PROMPT:
Repeat exactly the lines running from the first line of the data to the line containing "Engine started, system", both ends included, and nothing else; drop the pictures.

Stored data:

++++

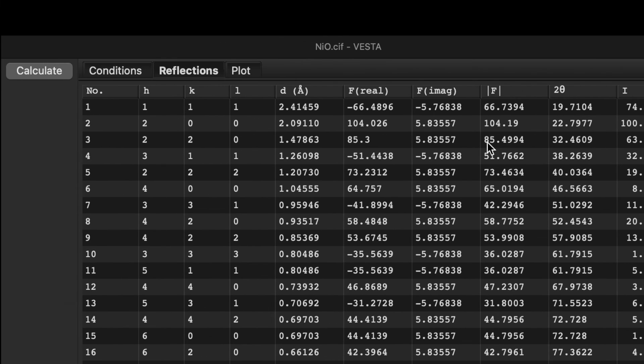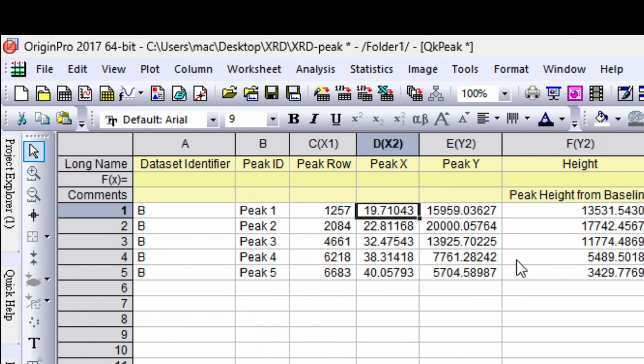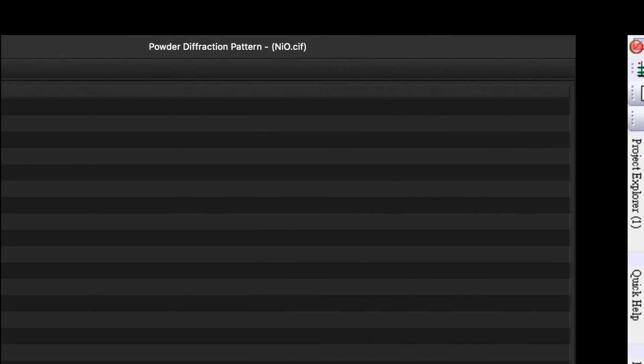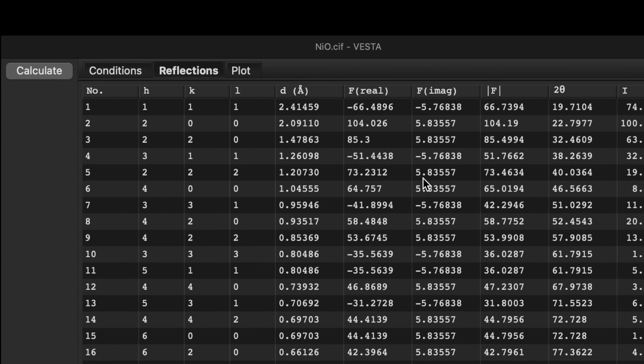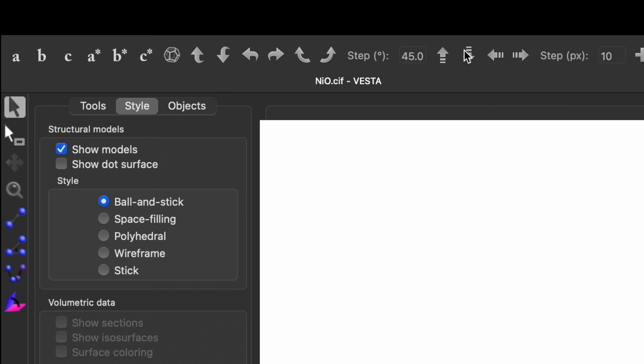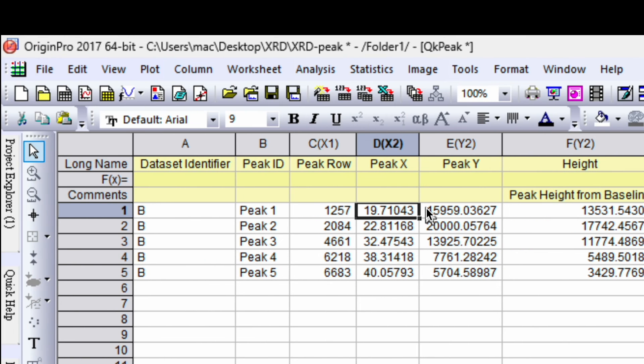So although these numbers are not exactly matching with the numbers what we have from the peak, so for that what you need to do is you need to tune your lattice constant again and again so that it will perfectly match with your peak center. You go to the edit, edit data and the unit cell.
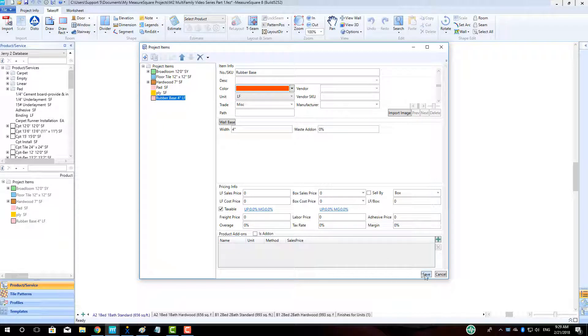Click the Duplicate Product button in the top left, and rename the base accordingly for our second kind of base. Change the display color accordingly, and click Save.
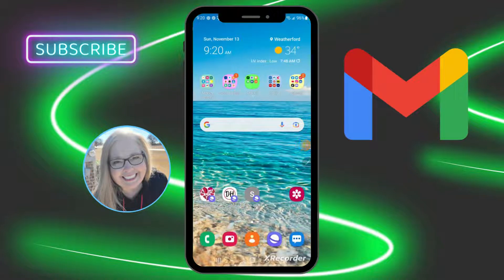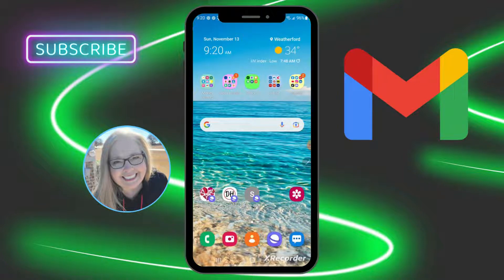Hey everybody, this is Deb and in this video I'm going to show you how to change your Gmail theme. But before I do that, if you haven't done so yet, go ahead and hit that subscribe button and the notification bell so you're made aware of any new questions or how-to videos that come up on the channel.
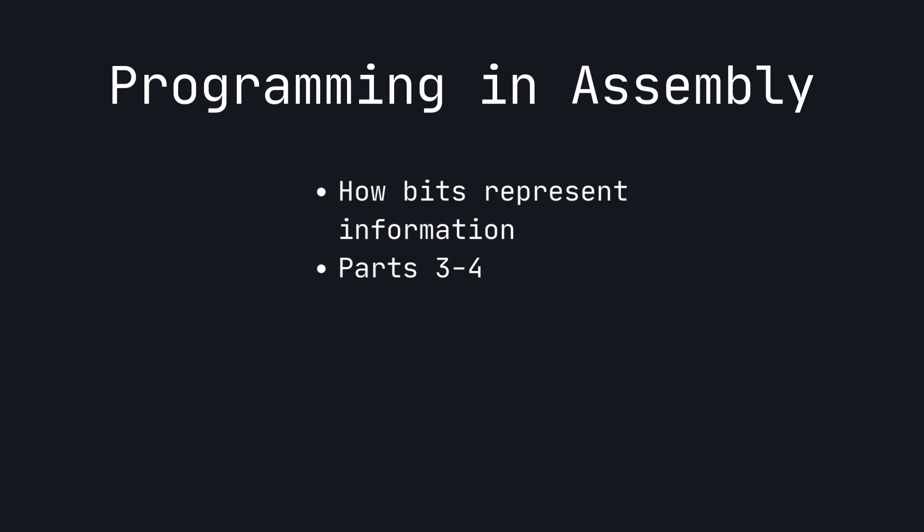This is a combination of my videos covering representing information using bits and also parts 3 and 4 of my series, Programming and Assembly.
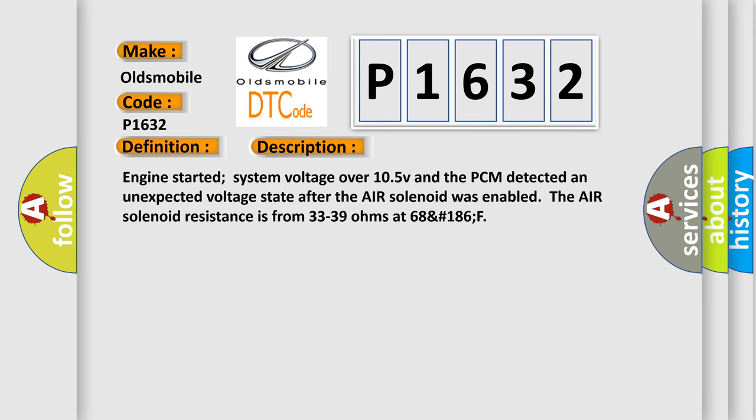Engine started, system voltage over 10.5 V, and the PCM detected an unexpected voltage state after the air solenoid was enabled. The air solenoid resistance is from 33 to 39 ohms at 68 to 186 degrees Fahrenheit.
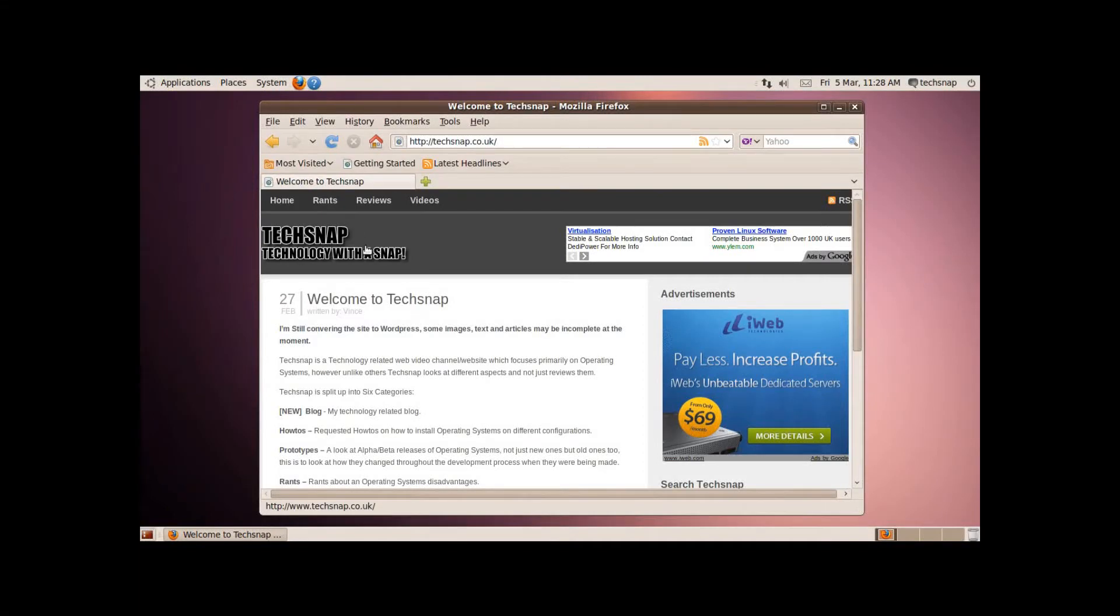The new theme has just been updated in Ubuntu, so we're going to take a break from the Mandriva videos just to look at this quickly.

++++

SOLUTION:
So although these numbers are not exactly matching with the numbers what we have from the peak, so for that what you need to do is you need to tune your lattice constant again and again so that it will perfectly match with your peak center. You go to the edit, edit data and the unit cell.
Click the Duplicate Product button in the top left, and rename the base accordingly for our second kind of base. Change the display color accordingly, and click Save.
Hey everybody, this is Deb and in this video I'm going to show you how to change your Gmail theme. But before I do that, if you haven't done so yet, go ahead and hit that subscribe button and the notification bell so you're made aware of any new questions or how-to videos that come up on the channel.
This is a combination of my videos covering representing information using bits and also parts 3 and 4 of my series, Programming and Assembly.
Engine started, system voltage over 10.5 V, and the PCM detected an unexpected voltage state after the air solenoid was enabled. The air solenoid resistance is from 33 to 39 ohms at 68 to 186 degrees Fahrenheit.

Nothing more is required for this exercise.